Learn is a Level 2 job ability, which honestly, is really easy to get to. I hit level 3 without even trying, but getting to level 4 takes 50 points.

Edit: Check this out for ability references - http://finalfantasy.wikia.com/wiki/Blue_Ma...al_Fantasy_V%29

Seriously, that wiki is the most helpful thing on the planet for the basics.


			
				QUOTE said:
			
		

> @TroubledLlama has gotten the Water Crystal Shards and unlocked 'Time Mage'. Get equipped with Rods!



I have two types of mage now. Better stock up on potions, I'm gonna need them. I blasted through about 30 on the Water Crystal fight alone.


----------



## CamulaHikari (Jul 18, 2011)

So first job is the White Mage. YAY Healing~!

At least I may use one freelancer.


----------



## Goli (Jul 19, 2011)

Finally got my final tablet:




About to head to the final dungeon!
I've a feeling I'll get my arse kicked ):.


----------



## LegendarySkitch (Jul 19, 2011)

Just got to the final boss...I have no idea how I'm going to beat Neo Exdeath with a Thief, Dragoon, Red Mage, Geomancer...Exdeath is easy but Neo Exdeath destroys me...

EDIT: Wooo, I finally won http://twitpic.com/5sf47e

There would've been no way without dualcast on 2 characters.


----------



## Fel (Jul 19, 2011)

Is there a way how to capture a screen off a real GBA to look like the ones which you post? Or do you use emulators of some kind?

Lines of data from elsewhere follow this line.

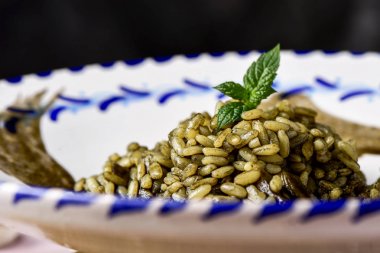 İspanyol arroz zenci veya siyah paella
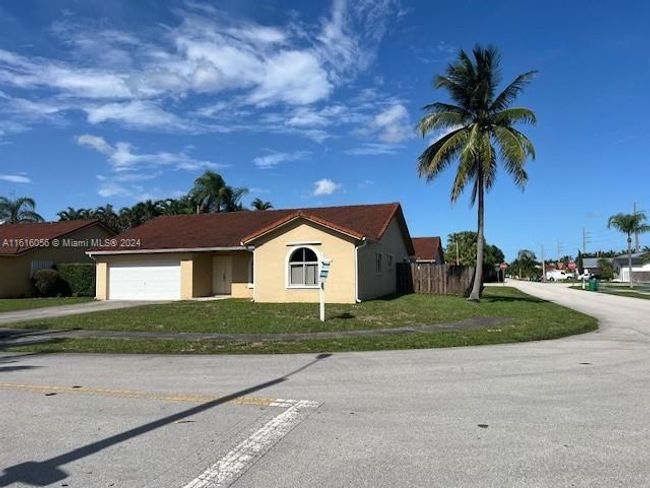 15121 Sw 148th Ave, House other with 3 bedrooms, 2 bathrooms and null parking in Miami FL | Image 2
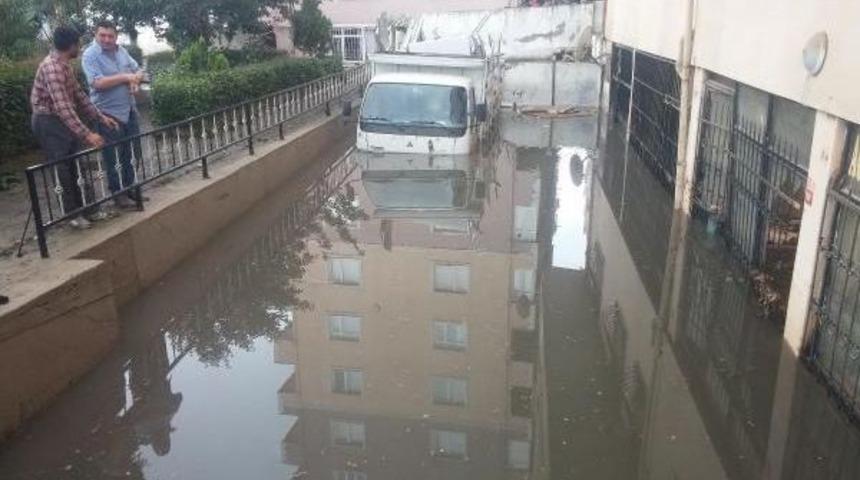Kartal'da Yağmur Sonrası Bu Manzaralar Yaşandı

I remember you could connect the PSP and some other consoles to the PC and record them like that, but I guess I would have to take normal photos of my GBA, right?


----------



## LegendarySkitch (Jul 20, 2011)

I just used an emulator on my laptop, seemed easier than using a GBA


----------



## Slyakin (Jul 20, 2011)

Wait, are the tablets before or after Exdeath? I thought Exdeath was the final boss of the game?


----------



## Nathan Drake (Jul 20, 2011)

I'm having a hard time keeping motivated. I'm at the point where I have to stop the boat that is wrecking the Fire Crystal, but I only have Black Mages and Time Mages to use. My two Time Mages can use up to level 3 Black Magic still, so that's something at least. I got on the boat though, went to blast some enemies with Fire 2, and saw it do no damage to everything.

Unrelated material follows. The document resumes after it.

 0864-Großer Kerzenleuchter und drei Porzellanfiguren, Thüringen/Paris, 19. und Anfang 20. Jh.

Ever try fighting magic resistant enemies with a team of mages with a collective physical attack power of about 80? Yeah, I get destroyed pretty bad. Only being able to buy potions and not hi-potions at this point is pretty bad too. Potions only heal 50, and my mages take about 50 damage a hit from bosses and bigger enemies. I end up spending 3/4 of the time in some boss battles just healing.

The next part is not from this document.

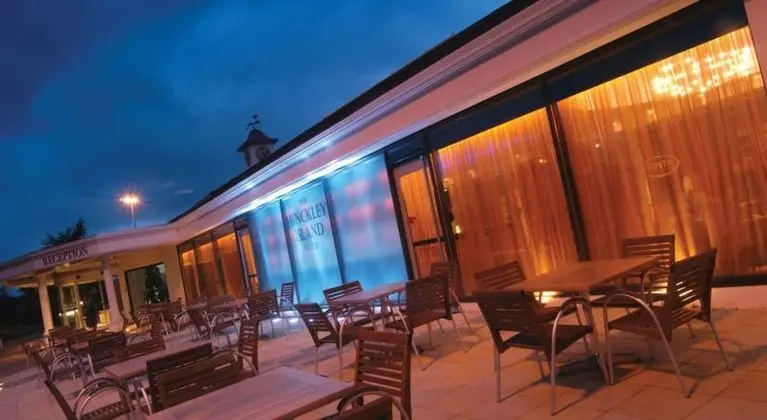 Jurys Inn Hinckley Island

If my Fire Crystal job blows, I quit.


----------



## Goli (Jul 20, 2011)

Nathan Drake said:
			
		

> I'm having a hard time keeping motivated. I'm at the point where I have to stop the boat that is wrecking the Fire Crystal, but I only have Black Mages and Time Mages to use. My two Time Mages can use up to level 3 Black Magic still, so that's something at least. I got on the boat though, went to blast some enemies with Fire 2, and saw it do no damage to everything.
> 
> Ever try fighting magic resistant enemies with a team of mages with a collective physical attack power of about 80? Yeah, I get destroyed pretty bad. Only being able to buy potions and not hi-potions at this point is pretty bad too. Potions only heal 50, and my mages take about 50 damage a hit from bosses and bigger enemies. I end up spending 3/4 of the time in some boss battles just healing.
> 
> If my Fire Crystal job blows, I quit.


Did you really expect enemies on a *fire* crystal powered boat to have SOME sort of damage when casting Fire2?
_Really?_
Try Ice2 instead.


----------



## Nathan Drake (Jul 20, 2011)

Goli said:
			
		

> Nathan Drake said:
> 
> 
> 
> ...



To be fair, it was 3am and I went to bed after I shut it off anyways. :3 Yeah, didn't realize that one. My MP is gonna disappear quick if the encounter rate isn't in my favor.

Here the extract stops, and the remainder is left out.